The blanket with sleeves is a wonderful invention. It’s not a backward robe. You aren’t supposed to go wandering around your house, shuffling along in it; the length is too long for that — cuz’ it’s a blanket. You don’t want to trip and hurt yourself. You are supposed to snuggle into your favorite chair or curl up on the sofa, pulling it around you so your body, including your feet are toasty warm. Your hands can stay tucked under the longish sleeves if you like — say if you are watching t.v. and you just need a free hand to occasionally change the channel on the remote. Or as in my case, pet cats and dogs as they exchange positions on the sofa and my lap. (Sometimes one will crawl under the Slanket/Snuggie for a warmer experience.) Your hands are also free to hold a book, knit, do some sewing, type away on the ole laptop, engage in dinner eating, and so on. The list goes on and on.
During the extra cold Winter last year, when for 4 days in December I didn’t have heat in my house and for the month of January, Maine had an average high of 3°F while I broke in my new wood pellet furnace which had a habit of turning off in the middle of the night, I survived every evening curled up in my living room with my Slanket. I also have a Snuggie this year so I thought I could now fairly give a review of the differences, in my opinion.
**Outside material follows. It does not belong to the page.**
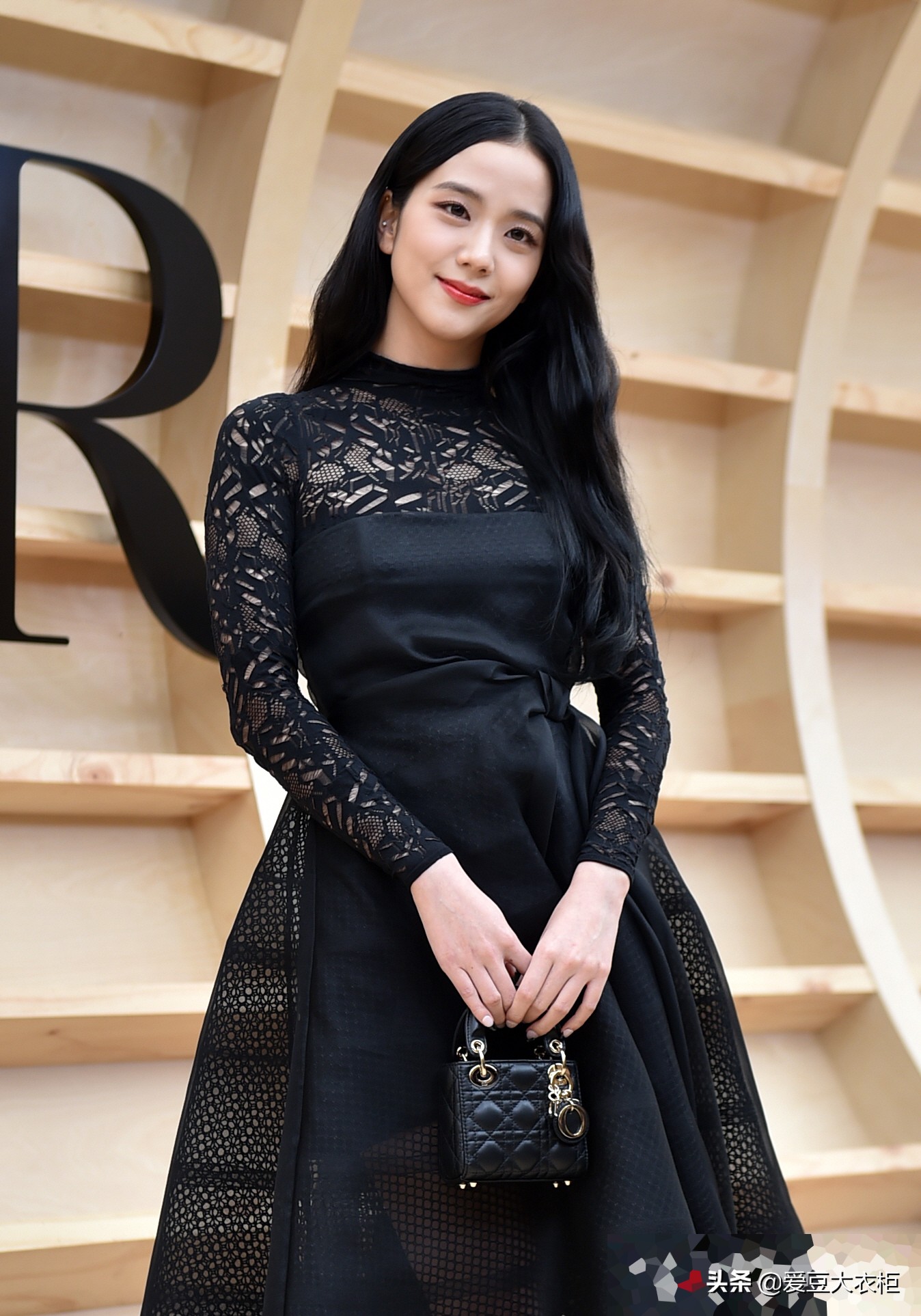 金智秀diormarieclaire,金智秀穿blackpink衣服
The Slanket is made of a thick Polyester Microfiber and the Snuggie is made of a thin fleece material. Of the two, the Slanket is much heavier, feels warmer and softer, and has more of a blanket feel to it. The Snuggie, while quite warm, feels too thin for psychological comfort. The Slanket is also about 20 – 30 inches longer than the Snuggie — something to keep in mind for those concerned with height. You can easily get up and wander around in the Snuggie, while I feel the Slanket is best left behind on the sofa or in the chair, like a real blanket.
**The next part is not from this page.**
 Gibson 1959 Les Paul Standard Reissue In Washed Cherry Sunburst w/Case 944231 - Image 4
Of course, what may be the deciding factor for most people is the cost. The grown-up person’s Snuggie is available in local stores like Rite Aid and Wal-Mart for around $15 or online from $14 to $19, not including shipping. (I found mine at Rite Aid for $14.99.) The Slanket is about twice the cost online from $35 to $45. The Slanket came first and the Snuggie is the imitation.
Personally, of my two, I prefer my Slanket. There’s just something about the feel of the thick blanket wrapped around me from my feet to my neck while I cuddle with my snoring Pug on a really cold night while watching reruns on Lifetime or TNT or USA that gives me the warm fuzzies. I think the extra money was worth it, proving that you do in fact get what you pay for.
Do you have one? Which do you prefer? Why don’t you share your story in the comments?